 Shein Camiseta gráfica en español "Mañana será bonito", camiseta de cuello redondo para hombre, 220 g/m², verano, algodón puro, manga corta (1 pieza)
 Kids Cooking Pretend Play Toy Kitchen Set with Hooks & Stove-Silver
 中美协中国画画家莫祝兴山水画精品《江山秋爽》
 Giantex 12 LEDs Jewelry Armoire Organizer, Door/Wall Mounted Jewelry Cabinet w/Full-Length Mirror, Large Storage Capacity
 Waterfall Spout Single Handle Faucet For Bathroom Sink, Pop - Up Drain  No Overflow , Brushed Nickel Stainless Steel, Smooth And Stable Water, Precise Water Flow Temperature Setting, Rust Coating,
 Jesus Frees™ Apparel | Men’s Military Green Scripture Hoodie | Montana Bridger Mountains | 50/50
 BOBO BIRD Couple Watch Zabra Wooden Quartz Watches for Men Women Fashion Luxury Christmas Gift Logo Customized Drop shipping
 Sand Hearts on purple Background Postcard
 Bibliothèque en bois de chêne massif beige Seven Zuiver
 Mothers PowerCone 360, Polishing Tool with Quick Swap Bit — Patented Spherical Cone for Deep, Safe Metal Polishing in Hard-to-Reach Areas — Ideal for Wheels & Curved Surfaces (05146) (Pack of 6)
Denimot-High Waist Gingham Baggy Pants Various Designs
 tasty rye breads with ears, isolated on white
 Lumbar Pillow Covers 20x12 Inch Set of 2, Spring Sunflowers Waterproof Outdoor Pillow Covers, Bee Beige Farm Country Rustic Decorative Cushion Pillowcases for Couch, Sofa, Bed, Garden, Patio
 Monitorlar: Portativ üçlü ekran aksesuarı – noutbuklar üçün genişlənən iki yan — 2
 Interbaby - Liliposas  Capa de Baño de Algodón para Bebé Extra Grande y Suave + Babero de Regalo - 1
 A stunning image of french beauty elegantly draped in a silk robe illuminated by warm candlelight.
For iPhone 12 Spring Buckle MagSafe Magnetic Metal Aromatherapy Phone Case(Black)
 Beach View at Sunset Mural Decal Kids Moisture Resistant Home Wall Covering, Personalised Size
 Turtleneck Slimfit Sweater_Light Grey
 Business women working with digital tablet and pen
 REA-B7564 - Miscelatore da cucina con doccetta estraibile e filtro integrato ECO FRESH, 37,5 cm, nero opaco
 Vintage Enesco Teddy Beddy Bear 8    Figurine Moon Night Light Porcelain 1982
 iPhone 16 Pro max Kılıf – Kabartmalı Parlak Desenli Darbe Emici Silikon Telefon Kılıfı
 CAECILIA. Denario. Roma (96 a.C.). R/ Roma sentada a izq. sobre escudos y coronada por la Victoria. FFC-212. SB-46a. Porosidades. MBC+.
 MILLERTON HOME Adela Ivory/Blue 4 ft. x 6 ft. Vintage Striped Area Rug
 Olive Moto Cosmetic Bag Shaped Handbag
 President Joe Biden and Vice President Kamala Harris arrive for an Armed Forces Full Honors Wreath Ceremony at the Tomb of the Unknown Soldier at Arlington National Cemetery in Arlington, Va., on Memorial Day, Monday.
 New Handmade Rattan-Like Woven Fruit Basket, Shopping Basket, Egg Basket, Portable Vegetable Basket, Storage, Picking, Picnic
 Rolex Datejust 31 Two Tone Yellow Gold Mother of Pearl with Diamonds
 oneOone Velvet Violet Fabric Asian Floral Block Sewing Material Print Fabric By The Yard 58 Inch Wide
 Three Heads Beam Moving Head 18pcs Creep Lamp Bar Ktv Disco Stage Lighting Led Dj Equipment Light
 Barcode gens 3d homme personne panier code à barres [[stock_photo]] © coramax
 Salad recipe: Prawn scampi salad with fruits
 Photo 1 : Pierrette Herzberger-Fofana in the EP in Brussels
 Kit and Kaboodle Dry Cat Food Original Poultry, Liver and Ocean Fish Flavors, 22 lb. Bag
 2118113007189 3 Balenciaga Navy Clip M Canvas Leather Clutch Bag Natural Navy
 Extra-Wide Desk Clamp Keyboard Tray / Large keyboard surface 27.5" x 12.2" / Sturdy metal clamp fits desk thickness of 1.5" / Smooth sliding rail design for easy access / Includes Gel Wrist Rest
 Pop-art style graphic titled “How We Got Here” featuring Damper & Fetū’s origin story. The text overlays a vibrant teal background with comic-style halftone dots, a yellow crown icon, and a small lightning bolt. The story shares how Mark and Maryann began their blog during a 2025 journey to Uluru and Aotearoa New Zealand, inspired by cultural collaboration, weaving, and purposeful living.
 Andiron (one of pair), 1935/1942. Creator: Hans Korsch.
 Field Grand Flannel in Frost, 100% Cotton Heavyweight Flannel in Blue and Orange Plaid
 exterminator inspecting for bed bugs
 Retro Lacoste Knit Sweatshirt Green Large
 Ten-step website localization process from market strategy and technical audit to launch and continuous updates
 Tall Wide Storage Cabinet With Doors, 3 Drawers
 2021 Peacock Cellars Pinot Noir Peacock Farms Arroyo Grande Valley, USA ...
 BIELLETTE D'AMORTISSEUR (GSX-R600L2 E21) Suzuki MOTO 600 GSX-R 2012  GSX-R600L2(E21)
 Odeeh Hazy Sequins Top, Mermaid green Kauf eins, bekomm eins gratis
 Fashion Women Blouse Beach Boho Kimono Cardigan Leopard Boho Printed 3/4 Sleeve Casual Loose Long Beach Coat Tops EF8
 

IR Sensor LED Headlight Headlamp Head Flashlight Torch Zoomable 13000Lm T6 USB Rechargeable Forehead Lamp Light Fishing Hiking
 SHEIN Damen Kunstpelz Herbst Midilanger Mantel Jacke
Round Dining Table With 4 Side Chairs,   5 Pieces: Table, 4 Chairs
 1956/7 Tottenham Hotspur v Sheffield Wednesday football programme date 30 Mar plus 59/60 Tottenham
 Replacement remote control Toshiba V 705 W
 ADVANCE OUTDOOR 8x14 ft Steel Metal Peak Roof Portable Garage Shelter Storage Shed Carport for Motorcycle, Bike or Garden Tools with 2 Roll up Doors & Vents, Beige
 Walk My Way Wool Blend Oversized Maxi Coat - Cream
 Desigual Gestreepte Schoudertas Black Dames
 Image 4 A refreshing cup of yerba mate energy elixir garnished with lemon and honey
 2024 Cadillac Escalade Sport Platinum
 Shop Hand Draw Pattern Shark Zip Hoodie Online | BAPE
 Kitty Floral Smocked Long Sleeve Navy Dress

************

**REQUIRED WORK:** Of the entries above, repeat exactly the lines from the line with "Interbaby - Liliposas" through the line with "Vintage Enesco Teddy", both of them included.

**EXERCISE SOLUTION:**
 Interbaby - Liliposas  Capa de Baño de Algodón para Bebé Extra Grande y Suave + Babero de Regalo - 1
 A stunning image of french beauty elegantly draped in a silk robe illuminated by warm candlelight.
For iPhone 12 Spring Buckle MagSafe Magnetic Metal Aromatherapy Phone Case(Black)
 Beach View at Sunset Mural Decal Kids Moisture Resistant Home Wall Covering, Personalised Size
 Turtleneck Slimfit Sweater_Light Grey
 Business women working with digital tablet and pen
 REA-B7564 - Miscelatore da cucina con doccetta estraibile e filtro integrato ECO FRESH, 37,5 cm, nero opaco
 Vintage Enesco Teddy Beddy Bear 8    Figurine Moon Night Light Porcelain 1982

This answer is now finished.